Driving, training, eating sushi
Today I took my friend Brian on a wild goose chase. Chrissy had to get to work, but Brian, her husband, was arriving at LAX in the morning. I happily agreed to go get him, because he’s as cool as Chrissy, and that’s saying a lot. Everything was fine for a while: I found LAX, Brian’s flight was on time, we found each other, his luggage came off quickly, etc.
That’s when all hell started to break loose. Well, I should say that all heck started to break loose, because while what happened was a nuisance, it wasn’t a huge tragedy or anything. It’s just that I ended up taking Brian on an impromptu tour of southern California. Somehow I missed the highway I needed and we drove in a big circle around a lot of the city.
This was another indication that the highways in this state are not as hospitable as in others. My first couple of indications were back in Sacramento, where there aren’t always listed exit numbers on the highways—the lack of them made me realize how much I had come to rely on them—and where the exits don’t tell you what you can find there. In other words, in other states an exit sign will have a picture of a knife and fork if you can find a restaurant there, a bed if you can find a hotel or camping, etc. In Sacramento, I drove around for about an extra half hour because I wouldn’t see any pictures and then by the time I saw that there actually WAS a hotel, I was past the exit. Then I took an exit that, of course, didn’t have any hotels and had to get back on the highway.
Add to this the fact that there are about 20 highways in the LA area, all of which must be called “The” X (like “The 5” or “The 710”), and it makes me pretty sure that when you establish CA residency you get a secret packet of information that helps you navigate the entire state without any problem. Those of us who are just visiting are major suckers who may as well have “Loser from out of Town” stamped on our foreheads.
So that took up most of the morning. In the afternoon, I did laundry while Brian took a nap. He had had to get up at the ass crack of dawn to catch his flight, and wanted to rest up a little. We were hoping that Chrissy would be able to come with us to train at Hollywood BJJ with Parker, but no such luck. (It’s really irritating how work gets in the way of the important stuff.) So it was just me and Brian, driving down Wilshire Boulevard. Knowing that we were in THE Hollywood (no, not mistaking it for a California highway, just emphasizing that we were there) left both of us kind of cold/unexcited, other than the getting to train part. I mean, there are famous people and things, but I remember having the same feeling when I saw the Mona Lisa in person: Wow, this looks like all the pictures I’ve ever seen of the Mona Lisa. So we were definitely not starstruck.
When we arrived, Parker introduced us to the main instructor at Hollywood BJJ, Shawn Williams, a black belt under Renzo Gracie. My friend Darin, whom you may remember from the Submit Pit in Somerset, KY, had told me that if I didn’t stop by Shawn’s academy he would never speak to me again. He and Linh spent a month living in LA so he could train there, he liked the instruction so much.

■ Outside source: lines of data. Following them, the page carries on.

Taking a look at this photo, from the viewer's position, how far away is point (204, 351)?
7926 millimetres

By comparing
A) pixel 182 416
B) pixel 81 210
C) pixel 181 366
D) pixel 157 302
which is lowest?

Shawn did not disappoint. There is a debate among jiu jitsu dorks about whether the Americans who are up and coming are better instructors than the old guard Brazilians. I don’t know the answer, but I do know that Shawn’s instructional technique is very detailed and descriptive; things stick when he explains them. Plus, he’s a nice guy (are you sensing a pattern here re: BJJ people??). I got to spar with Brian and Parker, as well as a tough young blue belt named John.
Here are the obligatory pics. Shawn had already changed into his street clothes, but just imagine him in a gi and a well-deserved black belt and you’ll get the idea:
Me, Shawn, Brian:
Me, Parker, Brian:
After class, Chrissy, Emmee, and Emmee’s lovely 11-year-old daughter met up with us for a Friday night sushi ritual. No it wasn’t a weird ritual, just something Parker, Emmee, and Emmee’s daughter do every Friday. They have been there so many times that Emmee’s daughter gets to ring up their check, and the sushi chefs are constantly cooking up (pun intended) new things they think they’d like. I am allergic to/dislike fish, though I do like veggie sushi, and the chef who made my hand rolls put as much care into them as the other chefs did into the amazing creations they put forth for the rest of the group. I also had some green tea and black sesame ice cream. Amazing!
On the way back to the hotel, Brian, Chrissy and I realized that we have crushes on Parker, Emmee, and Emmee’s daughter; we like the real them (in addition to the forum them) so much that we want to go on a third date. Fortunately, we will all be at a BBQ tomorrow that another forum member, Rude Boy Johnny, is throwing. We hope they like us as much as we like them and are tempted to ignore them a little so they don’t know how bad we’ve got it. Please don't tell.